7. Deferred Stock Grant in Lieu of Fees

   a. Deferred Stock Grants. Each Eligible Director who shall have so elected
(pursuant to the procedures below) shall be granted irrevocable rights to
receive shares of Stock to be delivered in the future ("Deferred Stock Awards")
in lieu of the cash fees that would otherwise be payable to such Eligible
Director. Each Eligible Director shall receive a Deferred Stock Award in lieu
of any annual retainer fee to which such Eligible
Director may be entitled ("Annual Fee") and a Deferred Stock Award in lieu of
any fees to which such Eligible Director may be entitled with respect to any
meeting of the Board or any committee thereof ("Meeting Fees"). The number of
shares of Stock subject to a Deferred Stock Award shall be that number of
shares of Stock the Fair Market Value of which is equal, in the case of the
Annual Fee, to the amount of such Annual Fee on the first business day of the
calendar year for which such Annual Fee is payable, and in the case of a
Meeting Fee, to the amount of such Meeting Fee on the day before the date of
meeting for which such Meeting Fee is payable. The grant of Deferred Stock
Awards shall not require any action by the Committee.

   b. Issuance of Deferred Stock. Stock issuable pursuant to a Deferred Stock
Award granted under this Plan shall be issued by the Company to the Eligible
Director on the earliest of (i) the first business day of the third January
following such Deferred Stock Award, (ii) the date of an event described in
Section 6(j) of this Plan or (iii) the date on which such Eligible Director
shall cease to be a Director of the Company, and certificates therefore shall
be delivered by the Company promptly after such date.
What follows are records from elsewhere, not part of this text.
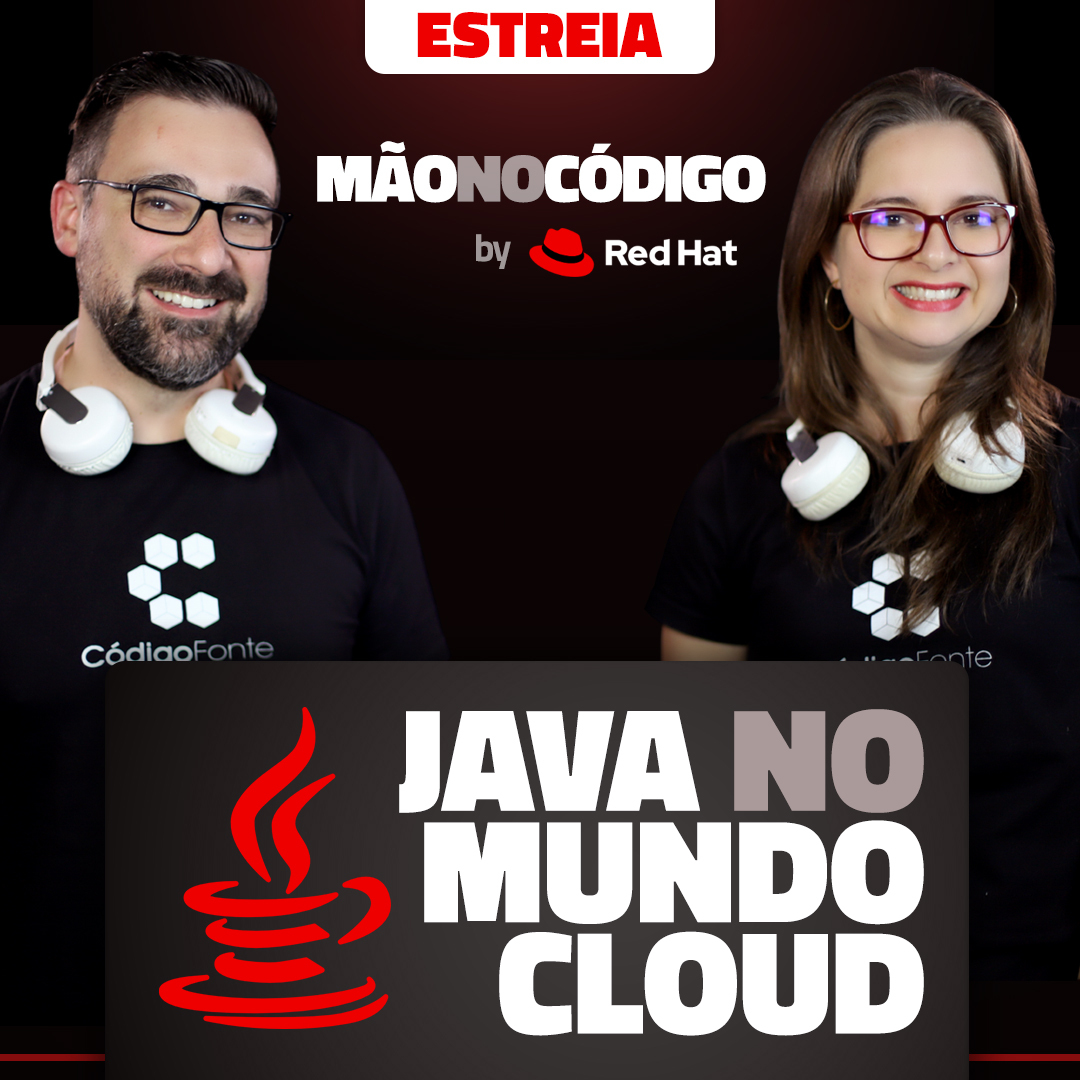 Dá um orgulho danado ter parceiros com o mesmo objetivo que o nosso.
Muito felizes em iniciar uma parceria com a <a href="/RedHatBR/">Red Hat Brasil</a>, uma empresa que somos muito fãs.

Estamos produzimos juntos muito conteúdo legal para o Mão no Código by Red Hat.🤓

youtu.be/ooLEpm4CXBY

#cdftv #redhat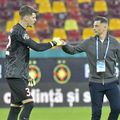 Ștefan Târnovanu și Mirel Rădoi // FOTO: Cristi Preda (GSP.ro)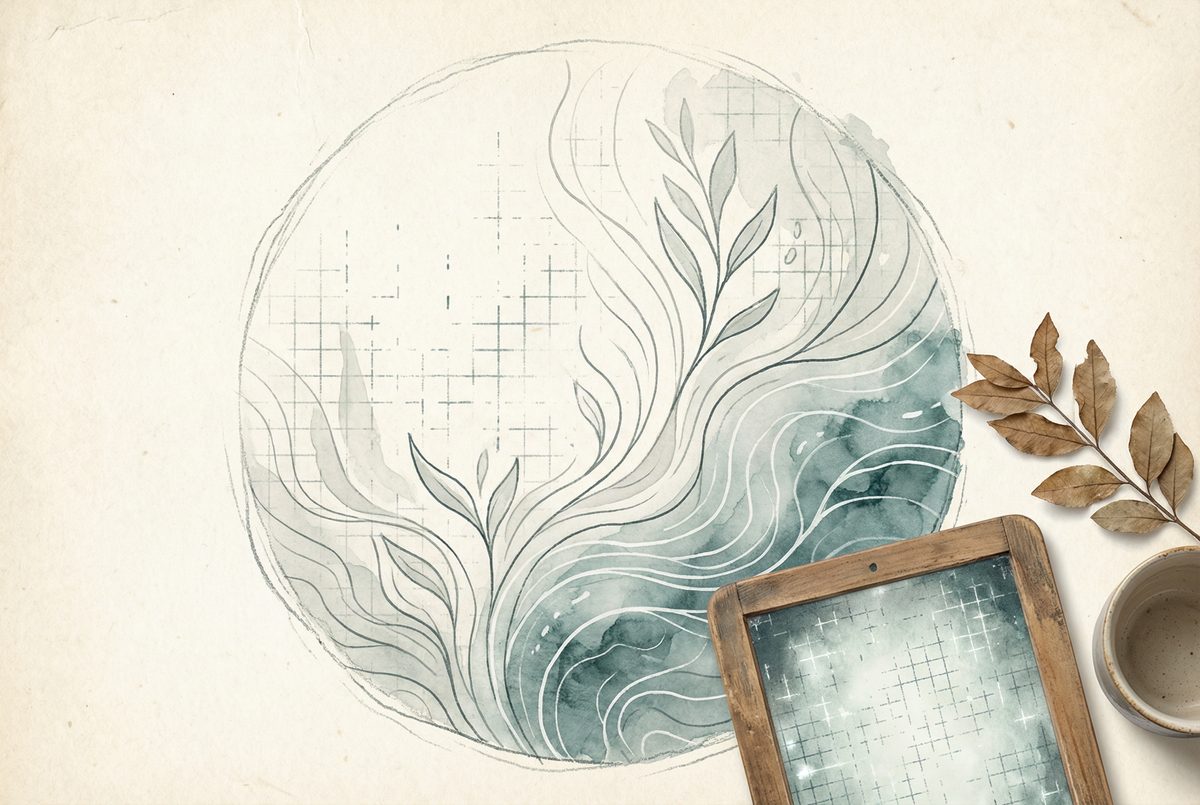 糖心Vlog AI灵感创作工具 - 侘寂美学与自然灵感 - utvkkee.cn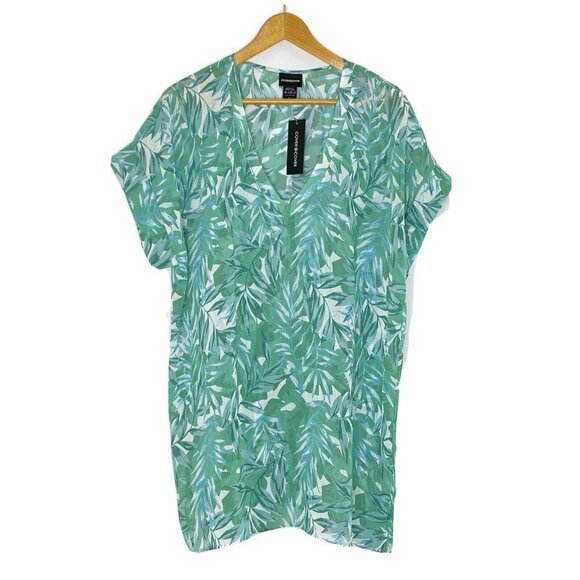 Cover 2 Cover S Swim Suit Beach Coverup Tunic - Picture 1 of 5
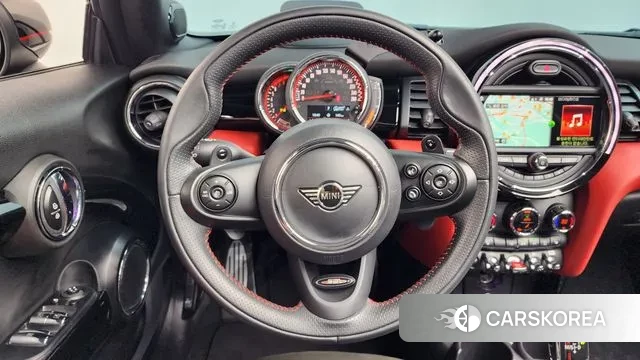 Mini Cooper S Convertible 2020 Черный из Кореи, фото 4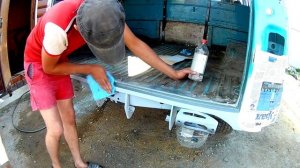 Покраска УАЗ / Cлишком красиво для Буханки))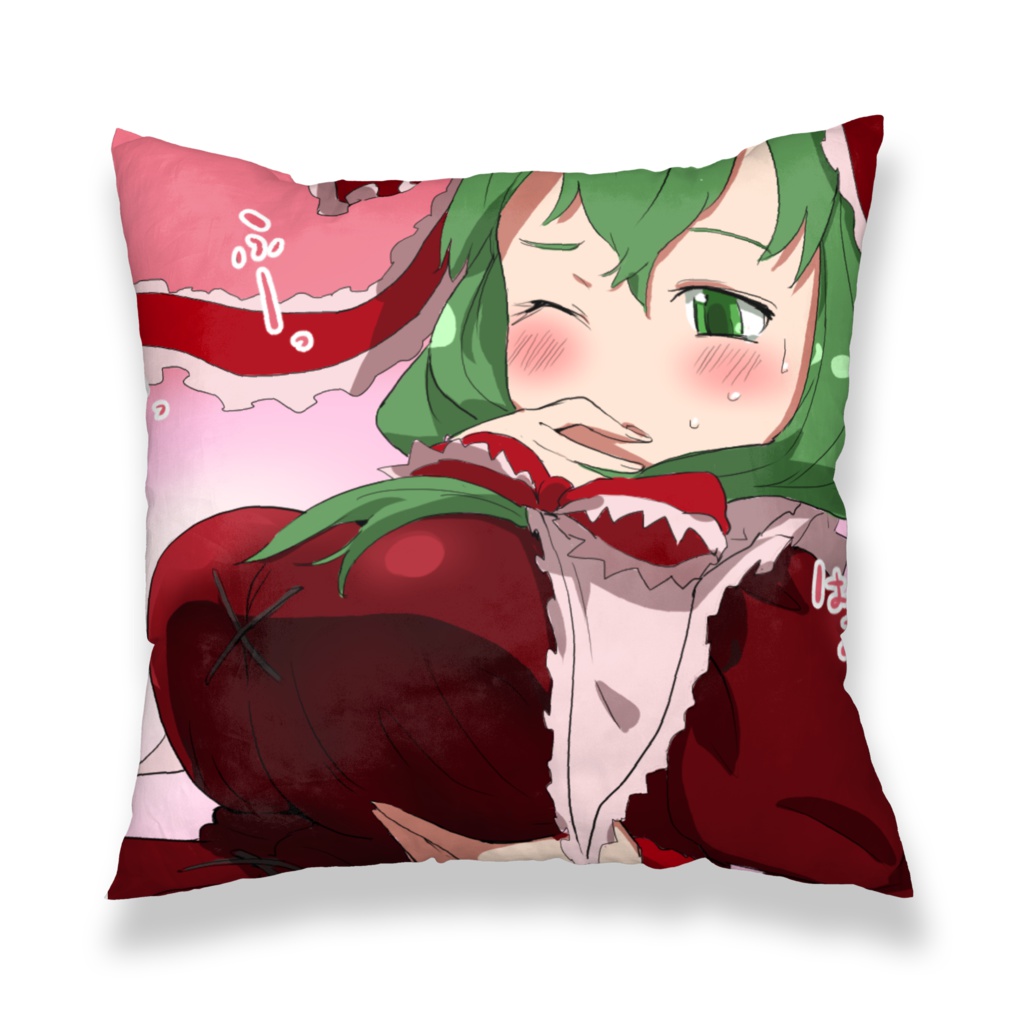 雛たんクッション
   c. Notice Procedures. Prior to the beginning of any fiscal year of the
Company, an Eligible Director may notify the Company in writing of his or her
election to be granted Deferred Stock Awards in lieu of fees for the calendar
year succeeding the year in which the election is made and unless and until any
subsequent notice is given, as provided below, each calendar year thereafter (a
"Deferred Stock Election"). By making a Deferred Stock Election, such Eligible
Director agrees to forego any cash payment of the Annual Fees and Meeting Fees
paid in the form of Deferred Stock Awards. Any Deferred Stock Election shall be
irrevocable as to each calendar year once that year begins. Any Deferred Stock
Election shall continue in effect from year to year, until revoked, which
revocation shall be effective as to all years subsequent to the year in which
the notice of revocation is given, unless and until such Eligible Director
makes a subsequent Deferred Stock Election.

8. General Provisions

   a. Effect of Lack of Shares. In the event that on any date on which options
or Deferred Stock Awards are to be granted hereunder, there is not a sufficient
number of shares of Stock available to implement fully the shares issuable
thereunder, then each such director entitled to an option grant or a Deferred
Stock Award at such time shall receive a pro rata portion of the option and/or
Deferred Stock Award contemplated by this Plan to the maximum extent. In
addition, if an Deferred Stock Award cannot be implemented due to a lack of
shares, then the director's agreement to forgo Fees shall be deemed
automatically revoked to the same extent unless with the Director's consent the
Board is seeking authorization for additional shares.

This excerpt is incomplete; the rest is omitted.